─── RECORDS FOR THIS EXERCISE

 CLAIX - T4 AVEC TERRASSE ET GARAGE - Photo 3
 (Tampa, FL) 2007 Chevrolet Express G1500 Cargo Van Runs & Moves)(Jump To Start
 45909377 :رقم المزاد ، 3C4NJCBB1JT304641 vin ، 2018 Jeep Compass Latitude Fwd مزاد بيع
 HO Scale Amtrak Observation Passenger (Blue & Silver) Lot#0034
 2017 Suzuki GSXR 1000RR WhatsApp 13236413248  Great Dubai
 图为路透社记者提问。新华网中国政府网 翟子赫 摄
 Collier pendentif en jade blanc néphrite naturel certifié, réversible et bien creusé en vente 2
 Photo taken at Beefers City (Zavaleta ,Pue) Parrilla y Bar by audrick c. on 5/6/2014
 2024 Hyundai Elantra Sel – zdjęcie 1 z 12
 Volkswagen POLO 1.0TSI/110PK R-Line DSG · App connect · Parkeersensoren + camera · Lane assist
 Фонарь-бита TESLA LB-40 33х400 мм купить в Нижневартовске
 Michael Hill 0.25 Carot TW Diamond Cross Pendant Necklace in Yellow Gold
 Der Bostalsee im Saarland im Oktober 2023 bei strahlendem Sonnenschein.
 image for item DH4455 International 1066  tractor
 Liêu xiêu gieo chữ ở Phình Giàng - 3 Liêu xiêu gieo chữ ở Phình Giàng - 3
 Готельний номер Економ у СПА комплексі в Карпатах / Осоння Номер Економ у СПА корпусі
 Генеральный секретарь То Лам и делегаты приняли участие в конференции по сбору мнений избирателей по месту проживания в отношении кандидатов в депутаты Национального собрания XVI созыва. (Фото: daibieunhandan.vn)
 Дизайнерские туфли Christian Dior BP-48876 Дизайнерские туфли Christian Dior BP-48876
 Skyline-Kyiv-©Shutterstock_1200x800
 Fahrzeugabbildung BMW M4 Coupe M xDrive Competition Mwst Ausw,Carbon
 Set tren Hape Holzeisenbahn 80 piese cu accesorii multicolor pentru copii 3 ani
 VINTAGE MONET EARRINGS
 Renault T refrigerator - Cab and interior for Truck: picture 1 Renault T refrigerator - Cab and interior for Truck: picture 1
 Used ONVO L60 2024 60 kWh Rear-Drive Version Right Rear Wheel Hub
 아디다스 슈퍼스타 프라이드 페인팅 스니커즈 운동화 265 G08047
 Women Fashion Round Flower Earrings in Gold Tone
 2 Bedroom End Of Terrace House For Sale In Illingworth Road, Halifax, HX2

──────

## [WHAT IS EXPECTED]
Pull every line with the word "Gold" from the data.

## [YOUR RESPONSE]
 Michael Hill 0.25 Carot TW Diamond Cross Pendant Necklace in Yellow Gold
 Women Fashion Round Flower Earrings in Gold Tone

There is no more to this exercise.